L'enlèvement d'un Français opéré par un groupe algérien se revendiquant de l'EI montre le pouvoir d'attirance de l'organisation.

Article rédigé par Christophe Rauzy
France Télévisions
Publié
Temps de lecture : 4 min
Des combattants de l'Etat islamique paradant dans les rues de Raqa (Syrie), le 30 juin 2014. (WELAYAT RAQA / AFP)

Ils sont passés de la parole aux actes. En enlevant un randonneur français, dimanche 21 septembre, les membres du groupe algérien Jund Al-Khilafa ("Les soldats du califat") ont concrétisé le serment d'allégeance qu'ils ont prononcé en faveur de l'Etat islamique quelques jours plus tôt. Une affiliation qui pose des questions sur le pouvoir d'attirance de l'Etat islamique, une organisation qui semble inspirer de plus en plus de groupes de la galaxie jihadiste. Francetv info se penche sur ce qui les pousse à se réclamer d'un groupe qui s'est installé dans le fauteuil d'Al-Qaïda.

Parce que l'EI offre une visibilité médiatique

Depuis la prise de Mossoul (Irak) en juillet, plus un jour ne passe sans que la menace représentée par l'Etat islamique ne mobilise les médias du monde entier. Un pouvoir médiatique qui intéresse des groupes en recherche de légitimité. Selon Imad Mesdoua, analyste politique et spécialiste du Maghreb, c'est peut-être la quête de publicité qui a poussé Jund Al-Khilafa à prendre Hervé Gourdel en otage. "Personne, y compris en Algérie, ne connaissait ce groupe. En s'attaquant à un Français, ils ont touché le jackpot sur ce plan : ils se sont fait un nom, se sont attaqués à une cible prioritaire de l'EI. En s'alliant à l'Etat islamique, ils ont pu établir leur image en Afrique du Nord."

Parce que l'EI est en compétition avec Al-Qaïda

Derrière cette quête d'image des "soldats du califat" se cacherait une querelle interne au jihadisme algérien. Jusqu'à récemment, leur leader, Abdelmalek Gouri, alias Khaled Abou Souleimane, était un lieutenant d'Aqmi, Al-Qaïda au Maghreb islamique. Mais il a décidé de s'affranchir du groupe dirigé par Abdelmalek Droukdel, le chef d'Aqmi. "Souleimane, ancien du GIA et du GSPC, jugeait que la ligne d'Aqmi n'était pas assez dure, explique Imad Mesdoua. Il se reconnaissait davantage dans la vision de l'Etat islamique."

Selon Alain Rodier, directeur de recherche au Centre français de recherche sur le renseignement, interrogé par  francetv info, le même phénomène s'est reproduit chez des groupes jihadistes au Yémen, en Syrie, en Jordanie, au Liban ou dans la région du Sinaï (Egypte). "En quittant Al-Qaïda pour l'Etat islamique, ils ont suivi l'odeur de victoire.

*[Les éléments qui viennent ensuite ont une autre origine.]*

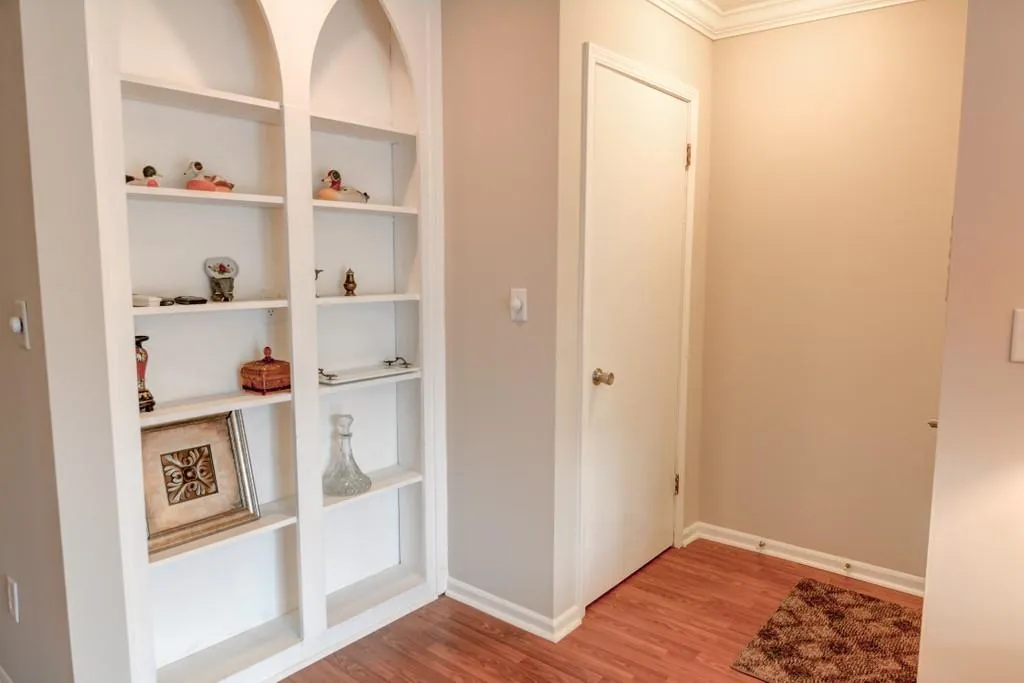 6851 Roswell Road Unit O7, Sandy Springs, Georgia 30328, 1 Bedroom Bedrooms, ,1 BathroomBathrooms,Residential,Sold,6851 Roswell Road Unit O7,6825349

Car Al-Qaïda n'a jamais rien gagné. Ils ont commis beaucoup d'attentats, mais jamais conquis de territoire, contrairement à l'EI qui administre aujourd'hui une immense zone en Irak et en Syrie. Al-Zawahiri [le successeur de Ben Laden à la tête d'Al-Qaïda] a une image de 'planqué' affaibli. Al-Baghdadi [le chef de l'EI] a au contraire une image de combattant victorieux."

Ces nouvelles allégeances promises à l'Etat islamique seraient donc liées à une lutte interne au jihadisme, qui est également source d'inquiétude : "Cette course en avant pour regagner de la crédibilité peut avoir de graves conséquences. On l'a vu le 6 septembre au Pakistan, où Aqis, la nouvelle branche d'Al-Qaïda dans le sous-continent indien, a mené une action contre une frégate de l'armée, tuant un général pakistanais."

Parce que l'EI est supposé avoir de l'argent

Les images de combattants de l'EI conduisant des blindés dans les rues de Mossoul, armés de M16 américains flambant neufs, ont fait le tour du monde. Depuis, l'Etat islamique est fréquemment présenté comme le groupe terroriste le plus riche du monde, grâce au pillage des banques irakiennes et à l'argent du pétrole de contrebande. Une manne qui permettrait de recruter plus facilement des hommes. "L'EI paye bien, entre 300 et 400 dollars [par mois], explique à francetv info Denis Bauchard, ancien ambassadeur et conseiller pour le Moyen-Orient à l'Institut français des relations internationales. C'est bien plus que les autres groupes salafistes et bien plus que le salaire moyen d'un Syrien ou d'un Irakien."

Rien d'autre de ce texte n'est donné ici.